_WHAT TO PRODUCE_. From the records that follow, return exactly the lines beginning at the one that contains "Vehicle Feature Picture" and ending at the one that contains "Actual product image Carat Style (Gold 18ct)", pictures left out.

_EXERCISE INPUTS_.
● ● ● ● ● ● ●

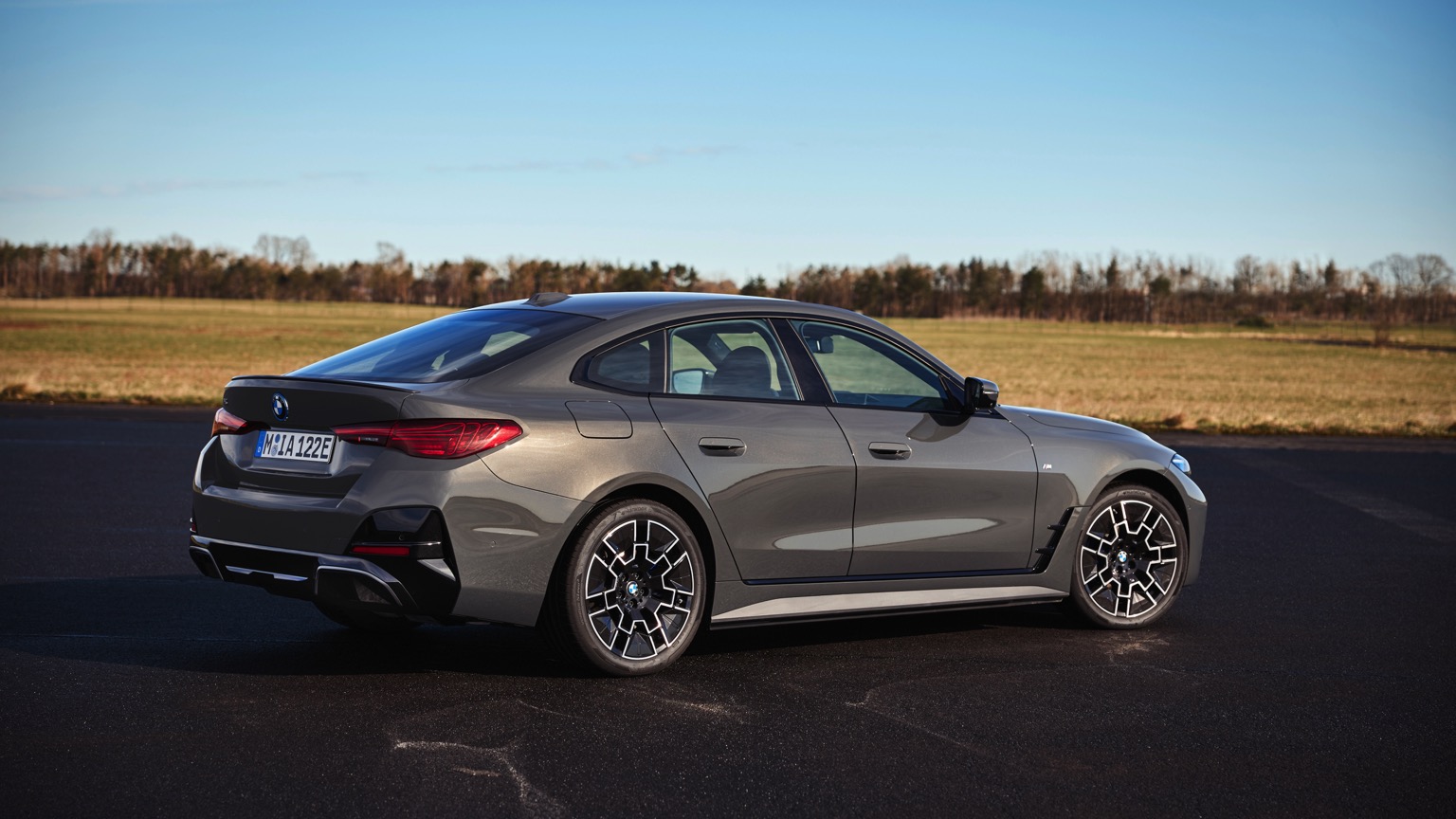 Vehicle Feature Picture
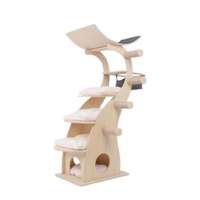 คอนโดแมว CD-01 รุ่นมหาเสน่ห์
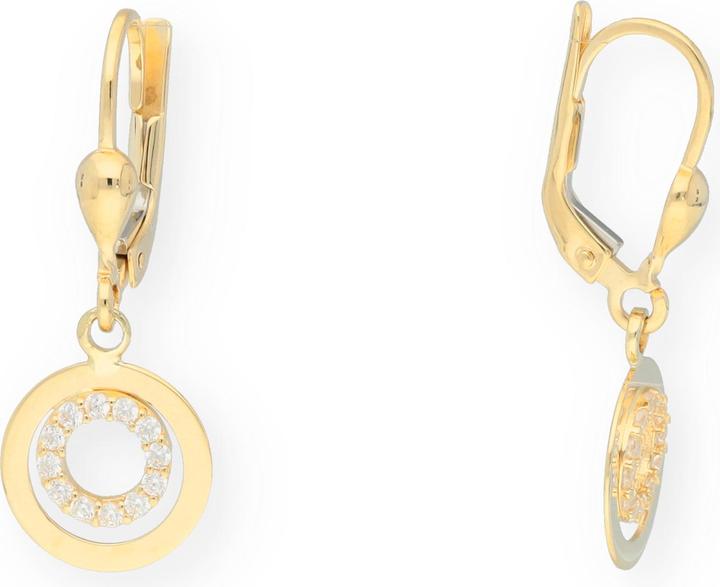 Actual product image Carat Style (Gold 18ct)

● ● ● ● ● ● ●

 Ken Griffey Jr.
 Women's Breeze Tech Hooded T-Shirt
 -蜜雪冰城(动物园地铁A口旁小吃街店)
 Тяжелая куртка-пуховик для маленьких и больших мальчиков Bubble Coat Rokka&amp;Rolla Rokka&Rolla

● ● ● ● ● ● ●

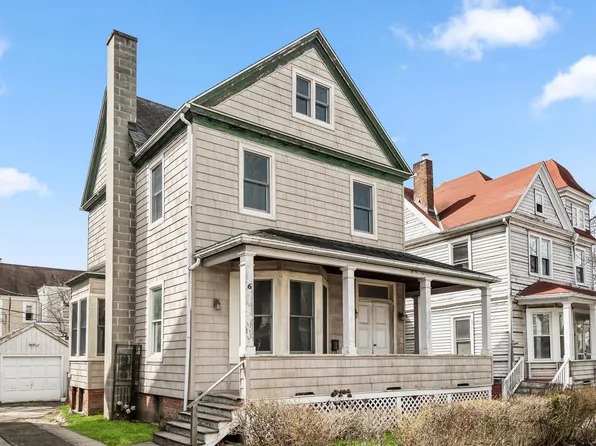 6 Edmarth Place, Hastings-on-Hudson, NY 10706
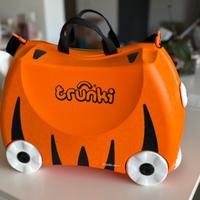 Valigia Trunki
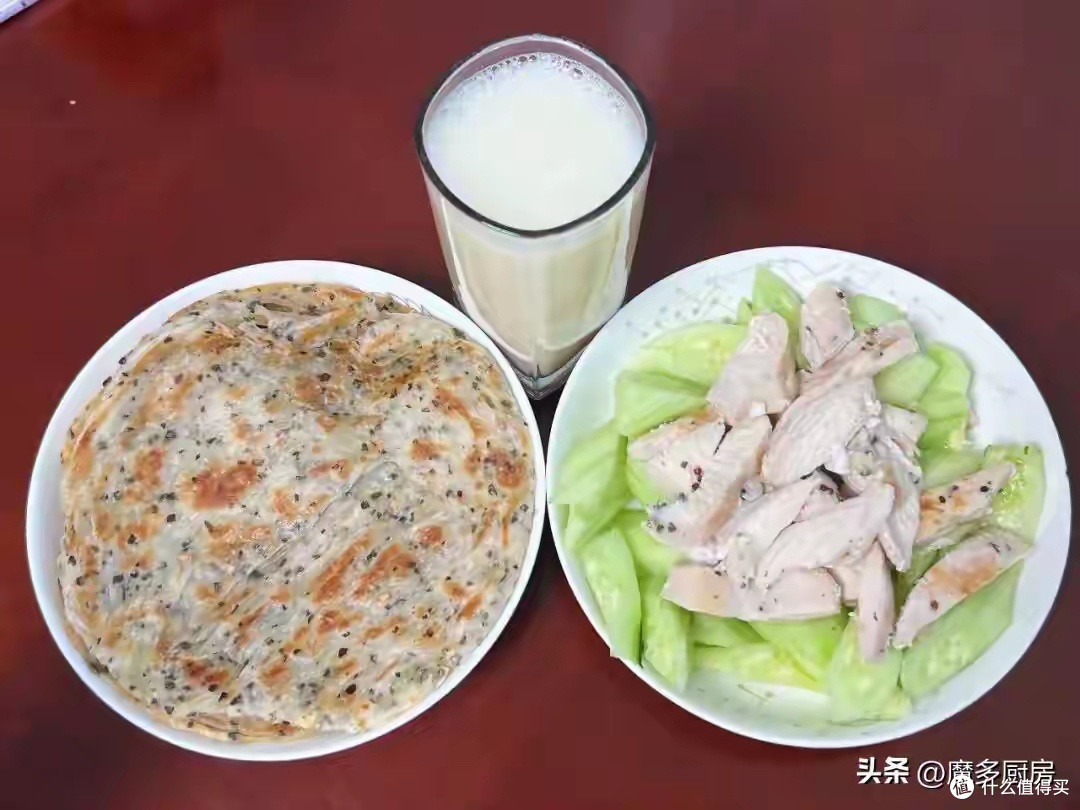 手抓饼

● ● ● ● ● ● ●

_SOLUTION TO THIS EXERCISE_.
 Vehicle Feature Picture
 คอนโดแมว CD-01 รุ่นมหาเสน่ห์
 Actual product image Carat Style (Gold 18ct)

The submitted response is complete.